The tracepoints use ring buffers of fixed size so eventually, all old tracepoints would be overwritten by new ones. I think you can either increase the size or use the approach used by the script freq.py (you need to add the module httpserver-monitoring-api). There is also newly added (experimental though) strace-like functionality (see https://github.com/cloudius-systems/osv/commit/7d7b6d0f1261b87b678c572068e39d482e2103e4). Finally, you may find the comments on this issue relevant - https://github.com/cloudius-systems/osv/issues/1261#issuecomment-1722549524. I am also sure you have come across this wiki page - https://github.com/cloudius-systems/osv/wiki/Trace-analysis-using-trace.py.

    Now after my profiling, I found the mutex in global tib_flush_mutex to be hot in my benchmark so I am trying to remove it but it turns to be a bit hard without understanding the thread model of OSv. So I would like to ask whether there is any high-level doc that describes what the scheduling policy of OSv is, how the priority of the threads are decided, whether we can disable preemption or not (the functionality of preempt_lock) and the design of synchronisation primitives (for example why it is not allowed to have preemption disabled inside lockfree::mutex). I am trying to understand by reading the code directly but it can be really helpful if there is some material which describes the design.

If indeed your "hot" spot is around tlb_flush_mutex (used by  flush_tlb_all()) then I am guessing your program does a lot of mmap/unmap (see unpopulate class in core/memory.cc that uses tlb_gather). I am not familiar with details of what it tlb_gather exactly does it probably forces TLB (Translation Lookaway Buffer) to flush old virtual/physical memory mapping entries after unmapping. The mmu::flush_tlb_all() is actually used in more places.

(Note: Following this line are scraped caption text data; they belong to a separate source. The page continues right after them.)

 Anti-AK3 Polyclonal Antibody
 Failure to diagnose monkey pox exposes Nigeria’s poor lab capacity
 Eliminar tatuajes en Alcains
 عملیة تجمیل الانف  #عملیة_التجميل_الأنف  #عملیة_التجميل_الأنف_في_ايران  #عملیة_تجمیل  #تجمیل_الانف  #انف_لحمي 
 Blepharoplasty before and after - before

My wild suggestion would be to try to convert the tlb_flush_mutex to spinlock (see include/osv/spinlock.h and core/spinlock.cc). It is a bit controversial idea as OSv prides itself on lock-less structures and almost no spinklocks used (the console initialization is the only place left). But in some places (see https://github.com/cloudius-systems/osv/issues/853#issuecomment-279215964) and https://github.com/cloudius-systems/osv/commit/f8866c0dfd7ca1fcb4b2d9a280946878313a75d3 and https://groups.google.com/g/osv-dev/c/4wMAHCs7_dk/m/1LHdvmoeBwAJ we may benefit from those.

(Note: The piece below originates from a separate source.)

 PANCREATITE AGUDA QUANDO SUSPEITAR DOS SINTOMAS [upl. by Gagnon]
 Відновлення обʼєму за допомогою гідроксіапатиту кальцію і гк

Please note the lock-less sched::thread::wait_until in the end of the flush_tlb_all would need to be replaced with "busy" wait/sleep.

As far as the information on mutexes and scheduling, the best information you can find in the original OSv paper - https://www.usenix.org/conference/atc14/technical-sessions/presentation/kivity. See also https://github.com/cloudius-systems/osv/wiki/Components-of-OSv and many other Wikis. 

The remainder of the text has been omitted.